I also think there may be 2 kinds of notations for slices and such, one beeing 
[i,j] and the other maybe (i,n) where n is the number of items, rather than 
[i,k[ where k is the "post-last" or "past-the-end" index. Reasons to think on 
that path:

* since n is not an index, it avoids all thinking trouble and misinterpretations 
with k as opposed to j; in particular, it avoids the "intuitive conflict" evoked 
above

* n makes sense and is useful by itself (eg think at typical arrays {p,n} or 
slices/views {i,n}, or at algos for copy, compare, traversal, concat, map...)

* when [i,k[ works better than [i,j], most often it's because we have n (k=i+n) 
or need n (n=k-j), thus we avoid +1 or -1; this, rather than any worth of k by 
itself

* other cases where [i,k[ seems to work nicely is "self-feeding" in fact: we 
have & need [i,k[ just because the lang uses that, but the same would be true 
whatever the interval notation (eg the lang returns i,k from a builtin func 
searching something in a seq, and we then use it to get a subseq)

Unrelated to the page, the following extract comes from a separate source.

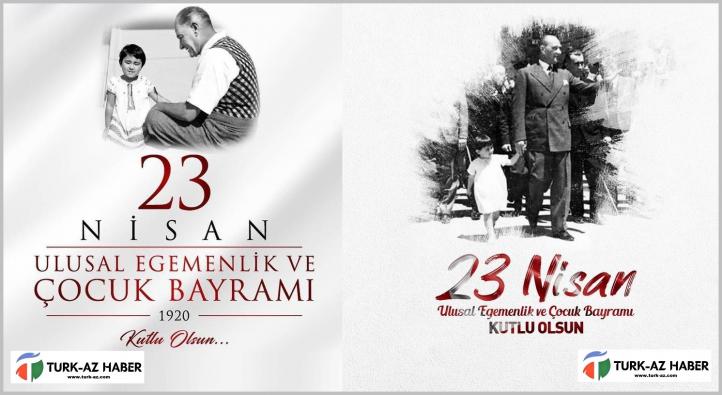 23 Nisan Ulusal Egemenlik ve Çocuk Bayramımız Kutlu Olsun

* the only advantage of k by itself, logically, I think, is when scanning a 
non-terminated token (eg a number): we must pass the last item (digit) to know 
the token is finished, thus end up holding i & k, not i & j; however, if we use 
(i,n) notation, it's easy enough to write (i,k-i), so no big deal, just as in 
the opposite case; and this situation is obviously, i guess, a little minority 
of uses of intervals [1]

Anyway, i think only practice of alternatives and talk among non-ideologically 
blinded programmers can tell us what's worth or not.

Denis

[1] However, from a semantic point of view, [i,k[ is problematic even in this 
very case where it seems nicer at first sight, because we don't need to type -1. 
Say we're scanning for a number and there is "1234567" in source:
	<-----> n
	1234567
	i     jk
We get i & k. If the lang uses [i,k[ intervals, then we just write it that way 
to get the right substring, and are pleased not to have to type -1. However, the 
"semantic truth" (if I may say) is that we stopped scanning *after* the last 
digit, and need to slice up to the *previous* character. This is not written in 
s[i,k]; where is the idea "up to the previous position" expressed in this 
notation? "Previous" translates to -1 in arithmetic or programming. For the 
notation to be semantically correct, it should say "-1" somewhere. And this is 
why closed intervals s[i,k-1] are superior, from the semantic perspective, even 
in this case, the very case where half-open intervals superficially look nicer. 
Half-open intervals do not say what they mean, so-to-say, they cheat ;-) (booh!)

A related point (semantics, thinking) is that, as far as i know, many 
programmers in langs using [i,k[ just do *not* think it. They just know from exp 
that it just works in most cases (reasons listed above) but do not think, for 
instance in this case along the lines: "all right, we stop after the last digit, 
thus need to slice up to the previous position, thus a half-open interval is 
right here". No, they seem to do it blindly like an automat. I asked other 
programmers about that when I noticed it was true by me (i use it blidly, don't 
know on a given case why/how it works unless I stop and *start* to think). I 
just prefer (to be) a programmer who thinks than a coding machine, but it's just me.